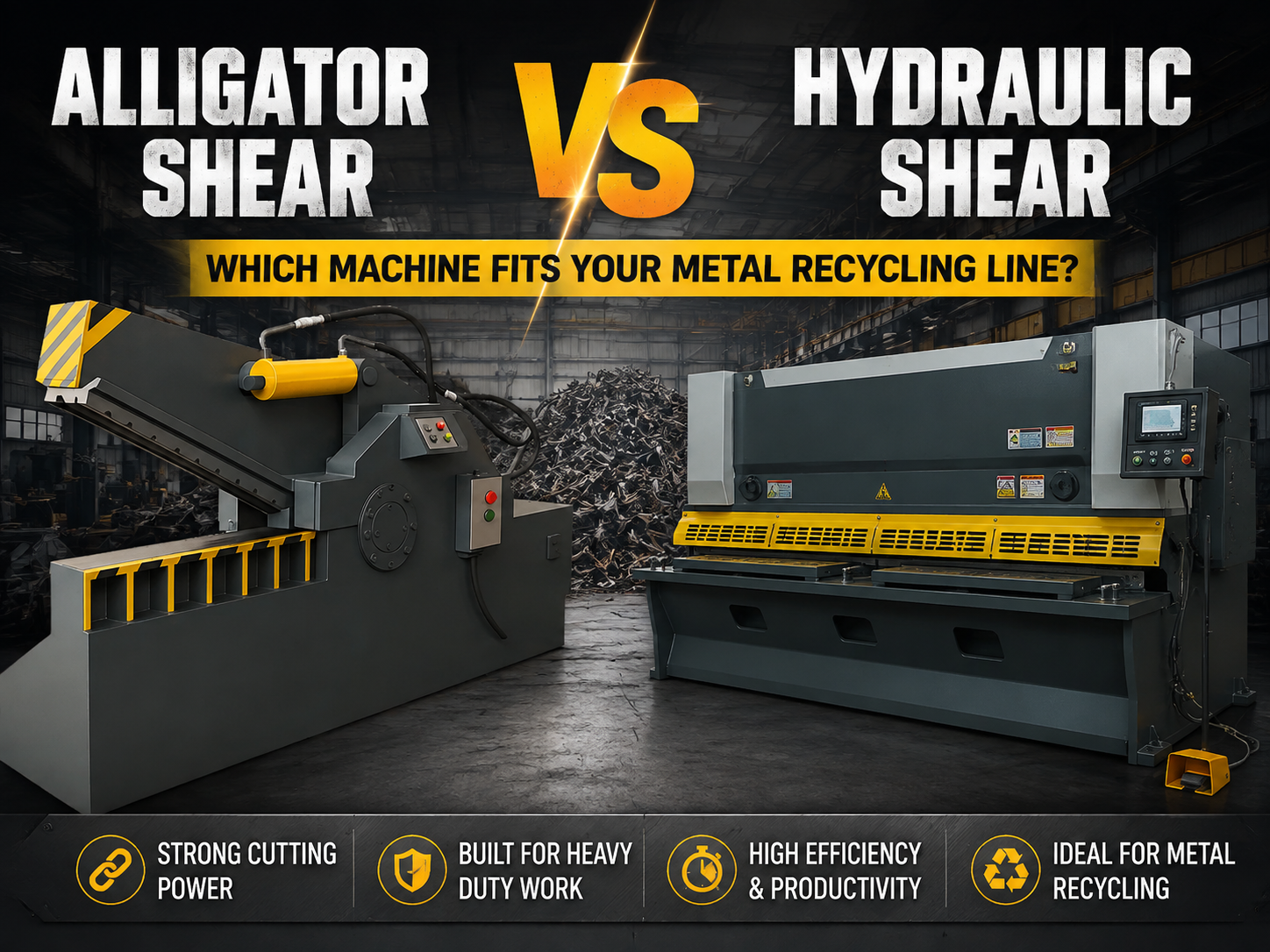 alligator shear vs hydraulic shear which machine fits your metal recycling line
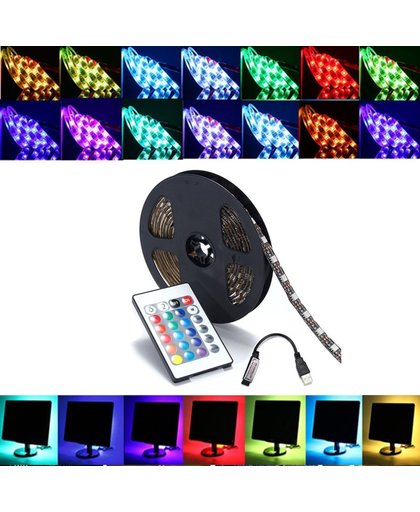 100 CM Complete TV led RGB strip set inclusief afstandsbediening - TV led strips multicolor (RGB) inclusief IFR afstandsbediening – Plug and Play TV led RGB strip set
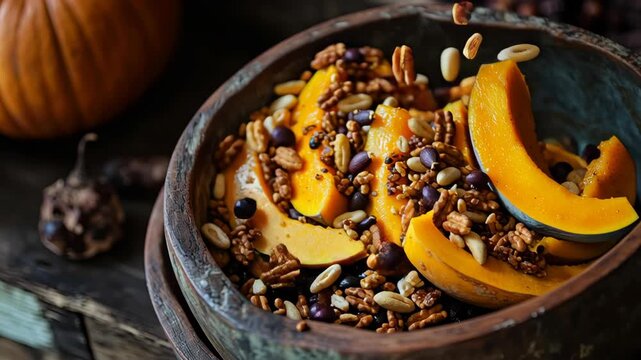 Vibrant autumn harvest: pumpkin slices with granola and seeds in rustic setting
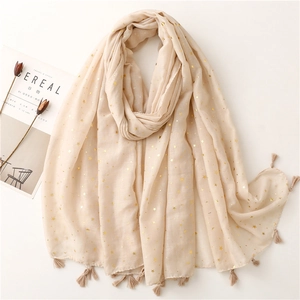 Beige cotton blend scarf with gold star foil prints and fringe tassels for women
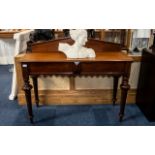 Victorian Mahogany Console/ Buffet Table with wonderful tapering legs with carved bulbous features.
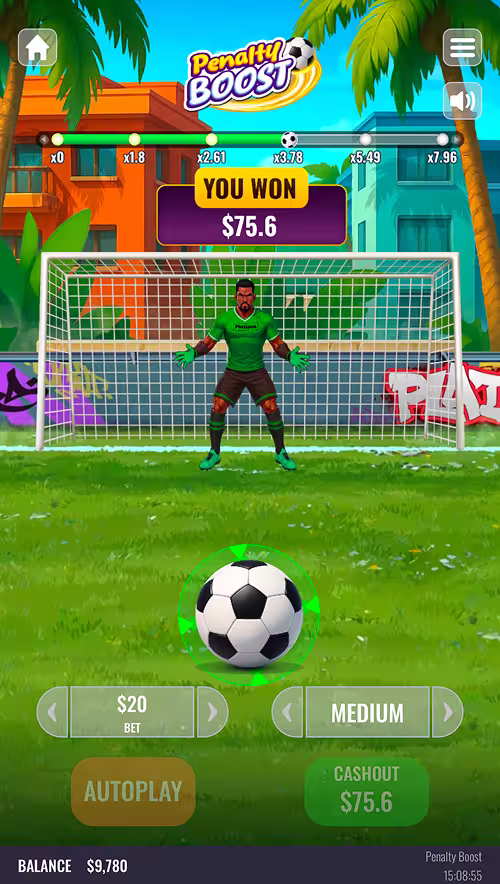 A gameplay screenshot of Penalty Boost by Platipus cashing out the running multiplier total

YOUR OBJECTIVE: In the records above, find the line containing "Beige cotton blend", then please restate it and each line after it word for word, pictures excluded.

OUTPUT OF THE EXERCISE:
 Beige cotton blend scarf with gold star foil prints and fringe tassels for women
 Victorian Mahogany Console/ Buffet Table with wonderful tapering legs with carved bulbous features.
 A gameplay screenshot of Penalty Boost by Platipus cashing out the running multiplier total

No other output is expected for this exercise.